_Your assignment_: Answer with the exact lines of the following material from the one containing "Expert Card Conjuring 1 by Alton C.Sharpe" through the one containing "The Caves Negril Jamaica Natural", both end lines included.

_Entries shown_:
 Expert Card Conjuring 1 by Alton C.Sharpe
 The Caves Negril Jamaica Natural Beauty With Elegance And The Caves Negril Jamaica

---

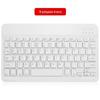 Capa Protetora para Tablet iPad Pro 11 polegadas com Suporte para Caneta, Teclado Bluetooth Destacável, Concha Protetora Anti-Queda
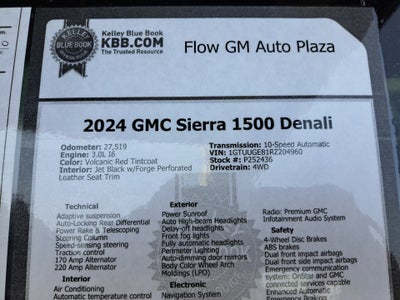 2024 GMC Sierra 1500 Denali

==

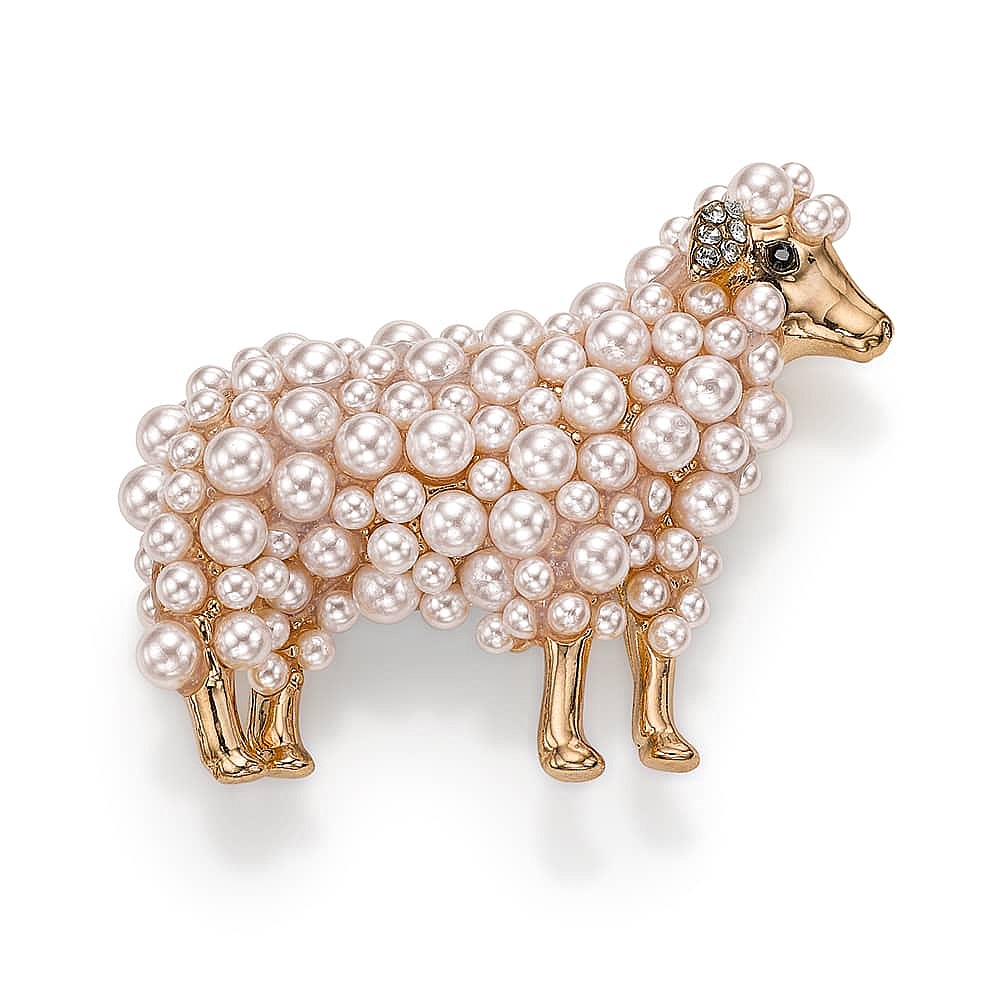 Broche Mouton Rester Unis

_Response_:
 Expert Card Conjuring 1 by Alton C.Sharpe
 The Caves Negril Jamaica Natural Beauty With Elegance And The Caves Negril Jamaica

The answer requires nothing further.